É comum que os apreciadores da arte de Tarantino aguardem quais serão as referências oriundas selecionadas para os seus próximos trabalhos, vide a infinidade de homenagens prestadas durante toda sua carreira. E quem esperava que Sergio Leone fosse o escolhido da vez teve que se contentar com alguns planos e enquadramentos, já que “Os Oito Odiados” remete instantaneamente ao excepcional “O Enigma do Outro Mundo” (1982). As alusões são claras e ostentadas, e não apenas por trazer de volta Kurt Russel ou a nova e soberba trilha sonora do mestre Ennio Morricone inserir passagens do tema que ouvíamos no clássico de John Carpenter, mas também por possuir toda atmosfera claustrofóbica que envolve a trama e despontar as aflições das pessoas confinadas em meio à nevasca em busca de um culpado.

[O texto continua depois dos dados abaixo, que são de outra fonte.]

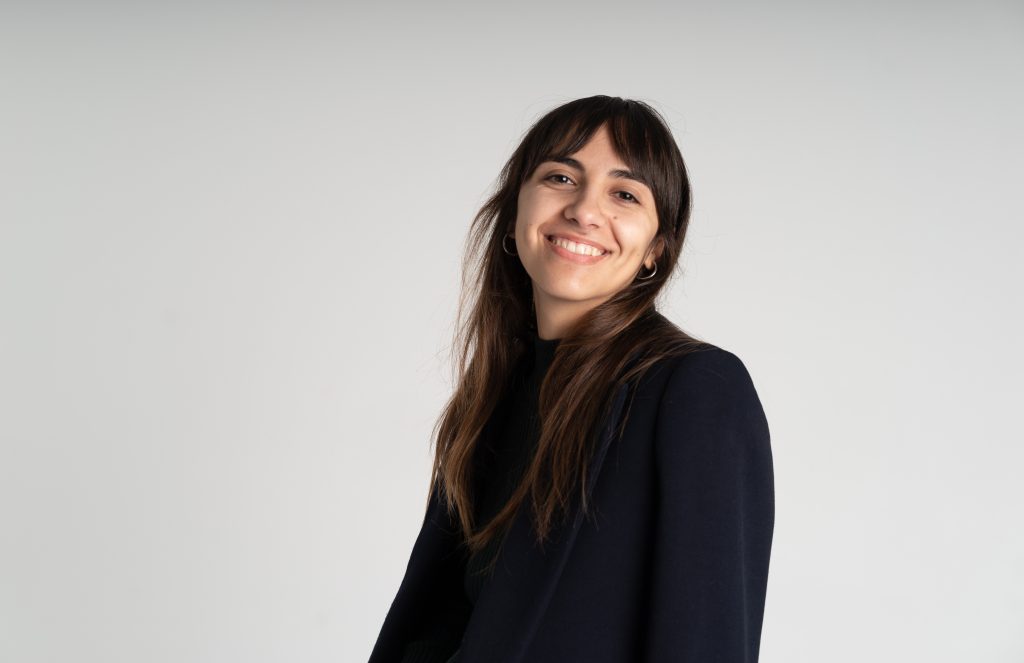 Elena Santiago Actriz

Ou até mesmo pela lindíssima fotografia gélida e azulada de Robert Richardson, que com suas lentes anamórficas confere tonalidades distintas em meio a enorme razão de aspecto que precisa cobrir – a direção de arte ganha destaque por se atentar a pequenos detalhes notados na cabana, dando uma aula de mise-en-scène. E é incrível como, depois de tanto tempo, o cineasta consiga criar esse paralelo e entregar uma obra tão autoral, orgânica e genuína. Entrando assim para a lista de grandes feitos do realizador, que a cada novo filme promove um evento cinematográfico digno de compará-lo a qualquer autor que já homenageou.